Economic Inefficiencies Due to Increased Size: Varieties and Origins
In the pursuit of growth and expansion, industries often face economic challenges that can outweigh the benefits of scale economies. One such challenge is the external diseconomies of scale, a concept that highlights the disadvantages experienced by firms as they grow and increase their production beyond a certain point.
Manufacturing industries, for instance, can fall victim to external diseconomies of scale when increased demand for raw materials and skilled labor drives up input prices, creating resource constraints and higher costs for all firms in the sector. This is not an isolated case; polluting industries, such as heavy manufacturing, mining, or chemical production, also face external diseconomies due to the negative environmental externalities they generate.
Geographically clustered industries, like technology companies in big cities, while benefiting from external economies, also face external diseconomies. These include restricted locations causing increased living and operational costs outside the cluster and broader negative impacts like traffic congestion or housing shortages.
The mechanism behind external diseconomies of scale involves firms collectively increasing demand for inputs, leading to scarcity and price rises, plus negative spillover effects (such as pollution or congestion) borne by others outside the companies. These external diseconomies raise costs across the industry, reducing the benefits of scale economies.
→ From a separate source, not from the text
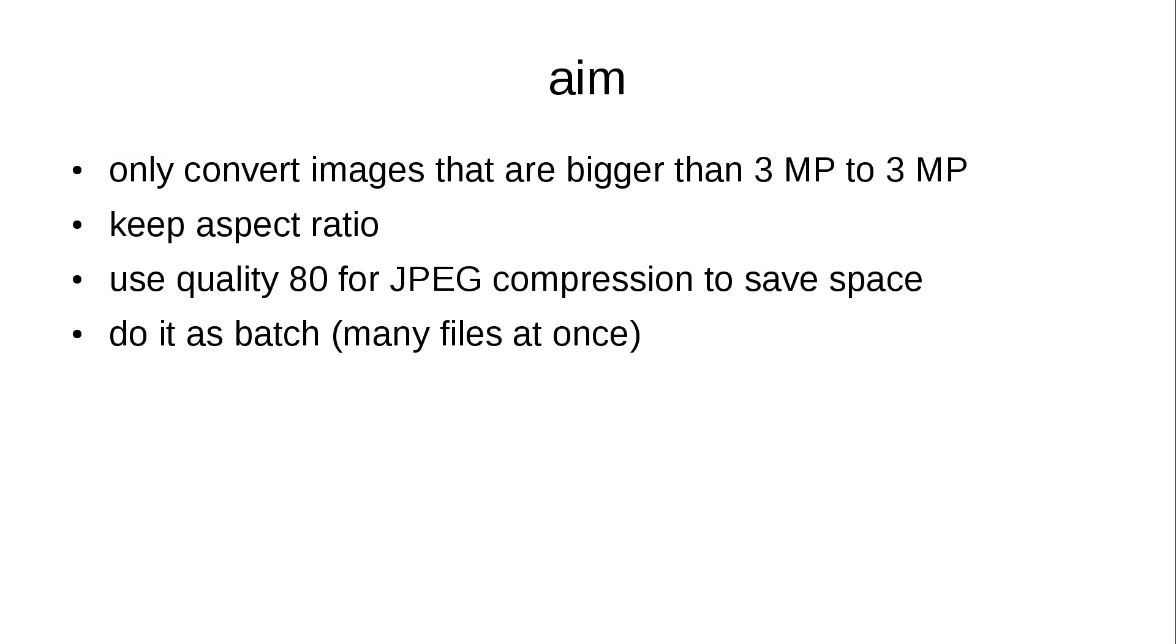And I also wanted to compress them with 80% quality for JPEG, because that's mostly enough for photos, and do it in a batch job.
As industries grow, they may also encounter internal diseconomies of scale. These are economic disadvantages caused by internal factors of the company, such as bureaucratic inefficiency, decreased motivation, duplication of work, and increased costs of special arrangements. For example, larger companies may adopt a tall organizational structure with several command chain layers, which can lead to communication issues and inefficiencies.
Moreover, the growing size of a business makes coordination and empowerment of employees more difficult, requiring more supervisors and additional costs. This can lead to increased targets for employees, which in turn can lead to isolation and decreased productivity due to loss of motivation. Without adequate compensation, increased complexity of work can lead to demotivation among management and employees.
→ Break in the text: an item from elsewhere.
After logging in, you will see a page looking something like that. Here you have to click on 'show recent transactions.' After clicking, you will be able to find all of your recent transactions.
In the eCommerce industry, the recruitment of foreign programmers due to a shortage of local labor can lead to higher wages and salaries for foreign workers, adding to the costs of these larger companies.
In conclusion, industries that have experienced external diseconomies of scale due to increased input prices and negative externalities provide concrete examples where the benefits of scale economies can be outweighed by these economic disadvantages. It is essential for industries to consider these challenges when planning for growth and expansion to ensure sustainable and profitable growth.
[1] Source: "External Economies and Diseconomies of Scale" by Investopedia (https://www.investopedia.com/terms/e/external-economies-of-scale.asp) [2] Source: "Internal Economies and Diseconomies of Scale" by Investopedia (https://www.investopedia.com/terms/i/internal-economies-of-scale.asp) [3] Source: "Urban Economics" by Investopedia (https://www.investopedia.com/terms/u/urban-economics.asp) [4] Source: "Pollution Externalities" by Investopedia (https://www.investopedia.com/terms/p/pollution-externalities.asp)
Businesses in industries that experience increased demand for raw materials or skilled labor, such as manufacturing or polluting industries, can encounter external diseconomies of scale, leading to resource constraints, higher costs, and negative environmental externalities. Moreover, geographically clustered businesses, like technology companies in big cities, may face external diseconomies due to increased living and operational costs, traffic congestion, or housing shortages.